2026년 4월 12일수정: 2026년 4월 12일

들어가며

Expert Parallel 환경에서 특정 전문가에 토큰이 몰리면 해당 GPU만 과부하되고 나머지는 유휴 상태가 된다. EPLB(Expert-Parallel Load Balancing)는 실행 중 전문가 사용량을 모니터링하고, 인기 있는 전문가를 여러 GPU에 복제하여 부하를 균등하게 분산하는 시스템이다.

구조도

┌─────────────────────────────────────────────────────┐
│                   EPLBManager                       │
│  (매 N iteration마다 재균형 트리거)                    │
├─────────────────────────────────────────────────────┤
│                                                     │
│  ExpertDistributionRecorder ──► logical_count 수집   │
│          │                                          │
│          ▼                                          │
│  eplb_algorithms.rebalance_experts()                │
│  ┌─────────────────────────────────────┐            │
│  │ deepseek / deepseek_vec /           │            │
│  │ elasticity_aware                    │            │
│  └────────────┬────────────────────────┘            │
│               │                                     │
│               ▼                                     │
│  ExpertLocationMetadata                             │
│  ┌─────────────────────────────────────┐            │
│  │ physical_to_logical_map             │            │
│  │ logical_to_all_physical_map         │            │
│  │ logical_to_rank_dispatch_physical   │            │
│  └────────────┬────────────────────────┘            │
│               │                                     │
│               ▼                                     │
│  model_runner.update_expert_location()              │
└─────────────────────────────────────────────────────┘

핵심 코드 분석

1. EPLBManager: 재균형 오케스트레이터

EPLBManager는 제너레이터 패턴으로 매 N iteration마다 재균형을 트리거한다.

class EPLBManager:
    def __init__(self, model_runner):
        self._rebalance_num_iterations = server_args.eplb_rebalance_num_iterations
        self._main_generator = self._entrypoint()
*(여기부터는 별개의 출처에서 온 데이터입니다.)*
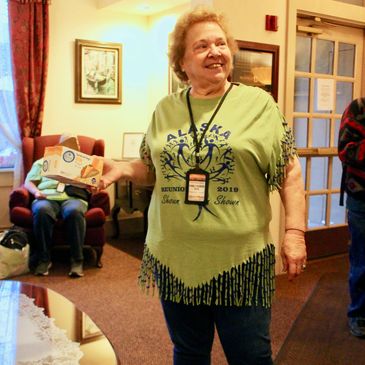 Elderly woman smiling in a green Alaska t-shirt indoors.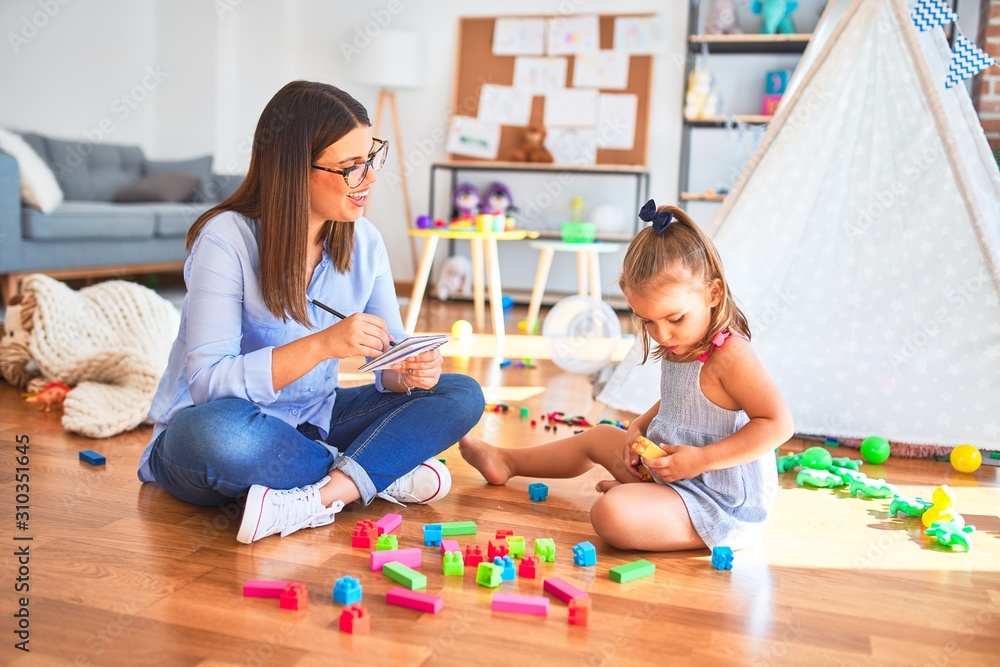 Fototapeta premium Młoda terapeuta mówi i leczy dziecko, doradca i korekta zachowania w kasie pedagoga, robi notatki na schowku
    def on_forward_pass_end(self):
        next(self._main_generator)

    def _entrypoint(self):
        while True:
            for _ in range(self._rebalance_num_iterations):
                yield
            yield from self.rebalance()

on_forward_pass_end가 매 forward pass 후 호출되며, N번 카운트 후 rebalance를 실행한다.

2. rebalance: 재균형 실행

def rebalance(self):
    dump_record_output = get_global_expert_distribution_recorder().dump_record(
        output_mode="object"
    )
    logical_count = dump_record_output["logical_count"]
    average_utilization_rate = dump_record_output[
        "average_utilization_rate_over_window"
    ]

    if not self._check_rebalance_needed(average_utilization_rate):
        return

    expert_location_metadata = ExpertLocationMetadata.init_by_eplb(
        self._server_args, self._model_runner.model_config, logical_count
    )

    for chunk_index, update_layer_ids in enumerate(update_layer_ids_chunks):
        if len(update_layer_ids_chunks) > 1:
            yield  # 레이어 청크 간 yield로 서빙 중단 최소화
        self._model_runner.update_expert_location(
            expert_location_metadata, update_layer_ids=update_layer_ids,
        )

GPU 활용률이 임계값(eplb_min_rebalancing_utilization_threshold) 이상이면 재균형을 건너뛴다. 레이어를 청크 단위로 업데이트하여 서빙 중단을 최소화한다.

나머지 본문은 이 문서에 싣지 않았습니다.